Current Mortgage Rates Roundup for June 24, 2015

U.S. treasury bonds gained on Wednesday, thus current mortgage rates are slightly lower than yesterday, as worries over Greece’s debt crisis renewed, which drove investors to safe-haven assets. Following a two-day selloff earlier this week, the bond market strengthened today, as reports emerged that late-stage bailout talks between Greece and it s creditors have stalled on Wednesday. In bond market-related news, the Treasury Department auctioned $35 billion in five-year notes at the highest yield since December, which met with soft demand.

During today’s trading session tha yield on the benchmark 10-year treasury note dipped to 2.38%, a 4 basis points decline compared to Tuesday’s 2.42%. The yield on the long-term 30-year treasury note finished the day 4 basis points lower than yesterday, and it’s now hovering at 3.16%.

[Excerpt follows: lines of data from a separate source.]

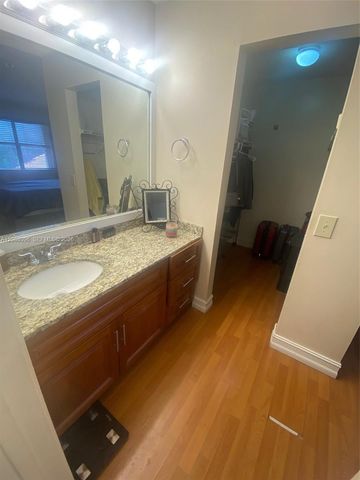 11800 SW 80th Street 114, Miami, FL 33183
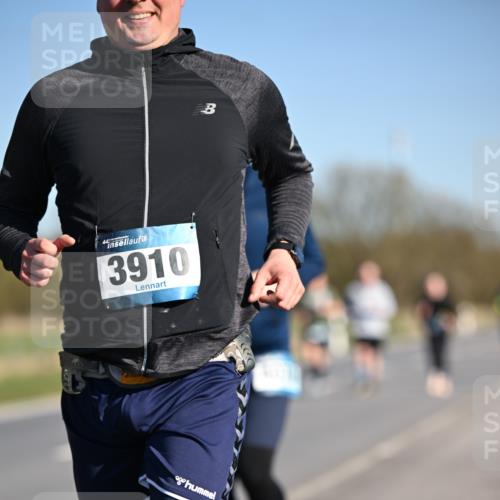 06.04.2025 - 44. Internationalen Wilhelmsburger Insellauf Dr. Thomas Lammeyer http://msf.ph/oto/7565633 06.04.2025 09:40:58 Laufen 3910, 3 meine-sportfotos.de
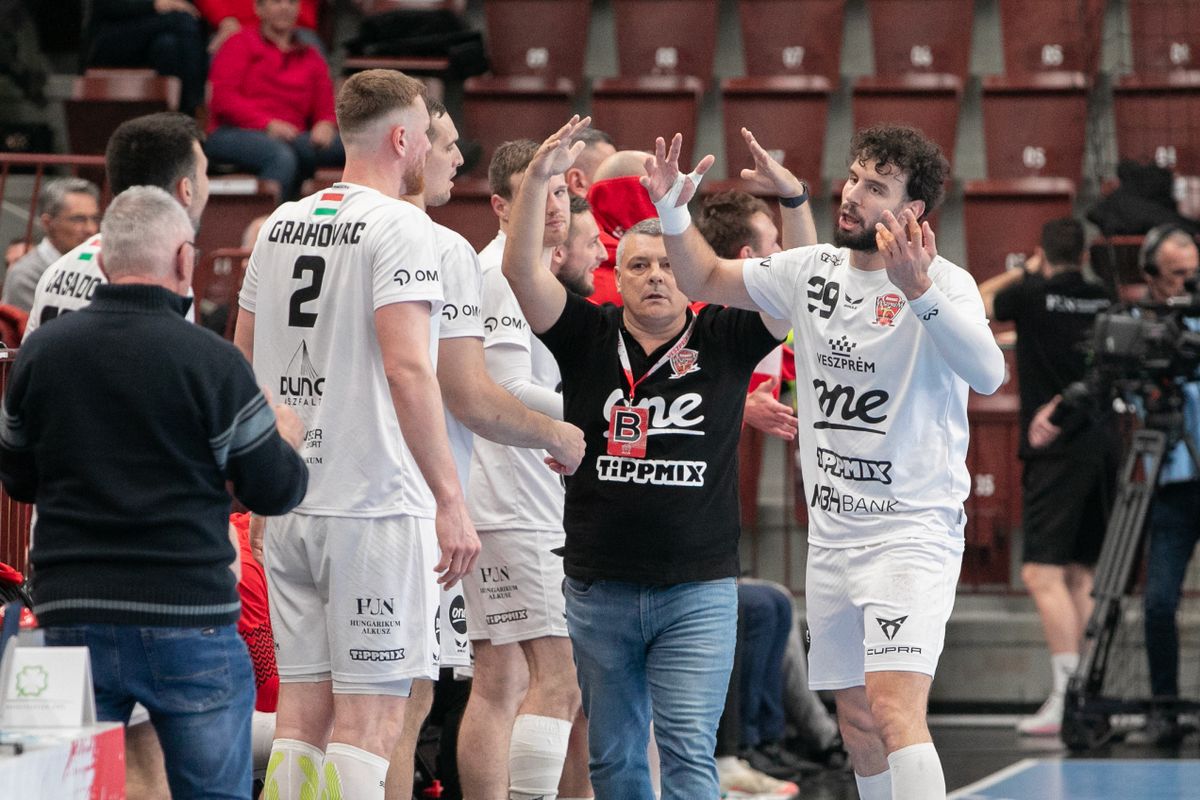 Gólzáporos meccset nyert meg a veszprémi kézilabdacsapat szombaton. A címvédő bakonyiak a Győr ellen arattak sikert a Veszprém Arénában.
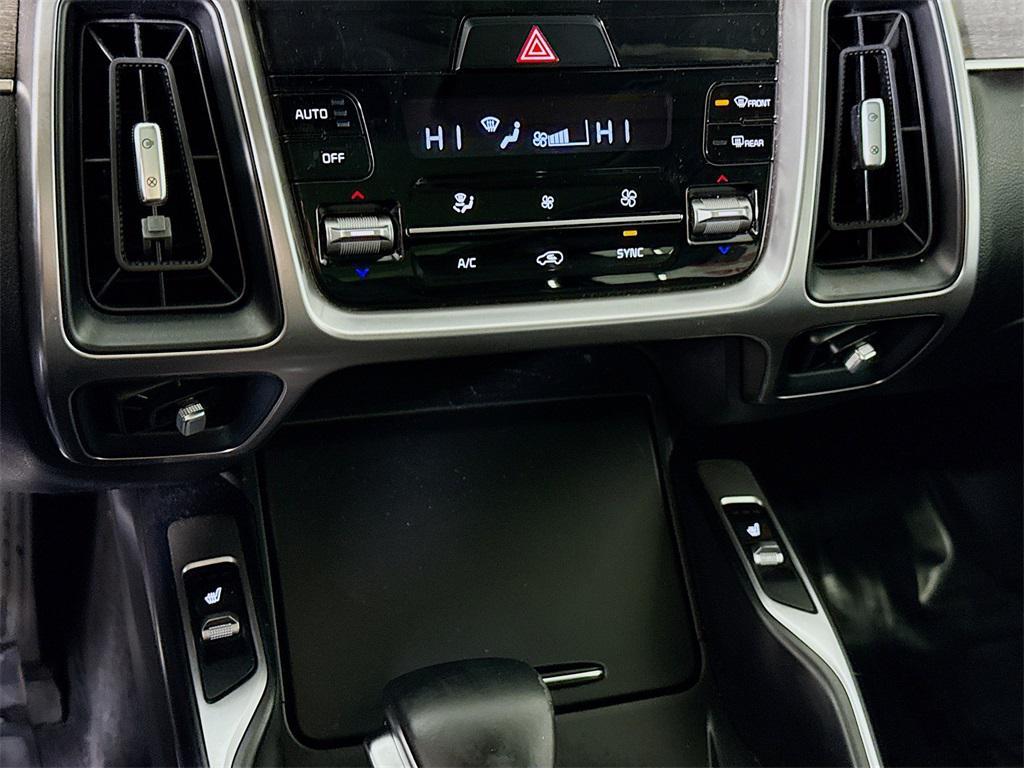 used 2023 Kia Sorento car, priced at $29,998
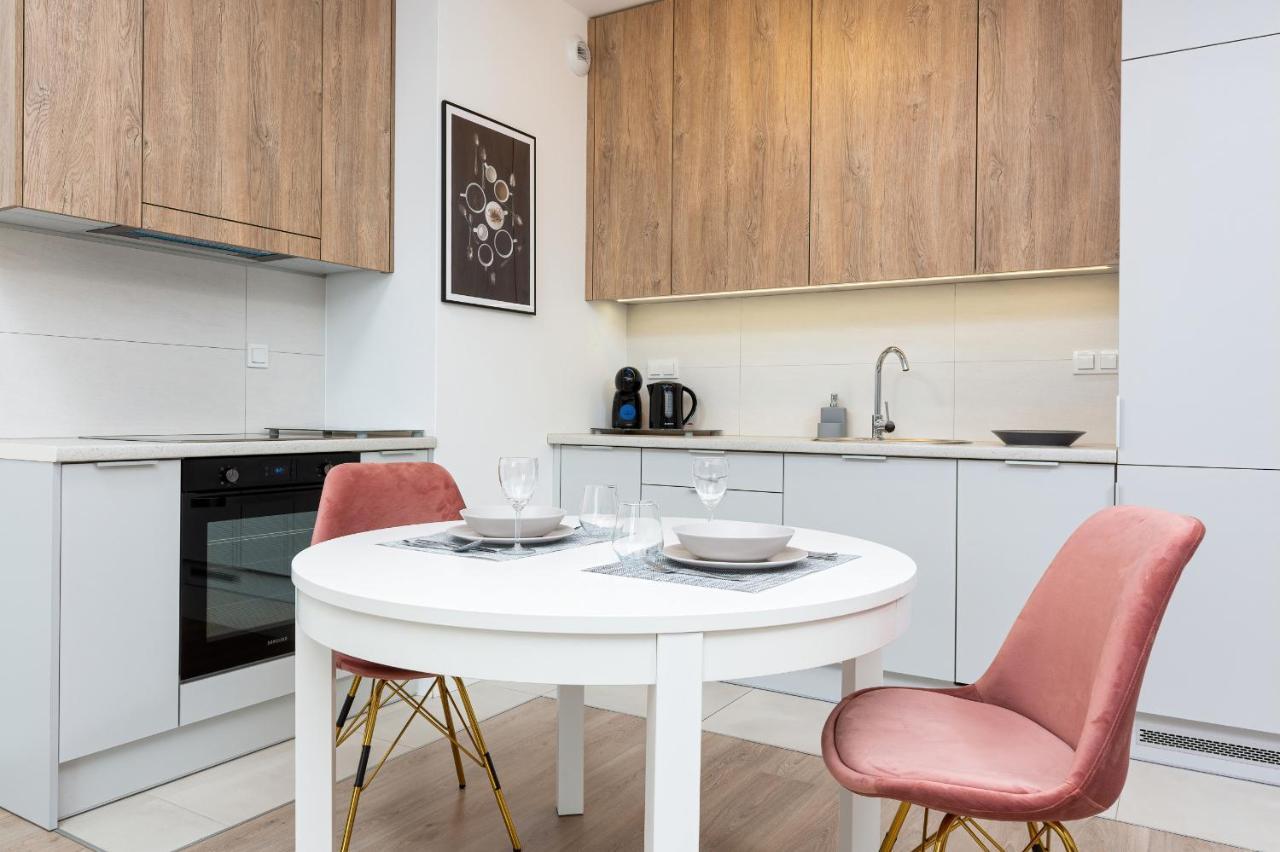 Metro Plocka Exquisite Apartments By Noclegi Renters Warschau Exterior foto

Current Mortgage Rates Roundup for June 24, 2015

Despite today’s market improvements lenders remained cautious with revising their rate sheets with lower rates. The most reasonable explanation for lenders being conservative with repricing is the extremely volatile environment that the U.S. bond market has been experiencing lately. Lenders mainly rely on the prices of mortgage-backed securities (MBS), in determining mortgage rates and today the pricing on MBS ticked up. Today’s MBS prices would have suggested a bigger improvement in mortgage rates, but in the current volatile environment, which supports higher mortgage rates, it’s somewhat understandable that lenders are more cautious with repricing. Still, chances that you can see slightly lower mortgage interest rates today at your lender, compared with rate levels on Tuesday.

Compare today’s mortgage rates and take advantage of current low rates

Now, moving on to today’s economic calendar, the Commerce Department released the final estimation for Q1 GDP. According to the third revision, the U.S. economy contracted at a seasonally adjusted annual rate of 0.2% in the first quarter of 2015, instead of the 0.7% pace of decline reported last month. The current figure is right in line with expectations. The economy expanded at a 2.2% annual rate in Q4 2014. The Commerce Department’s data showed that a harsh weather, a strong dollar, a decline in energy prices were some of the factors that led to a poor performance in the first quarter of 2015.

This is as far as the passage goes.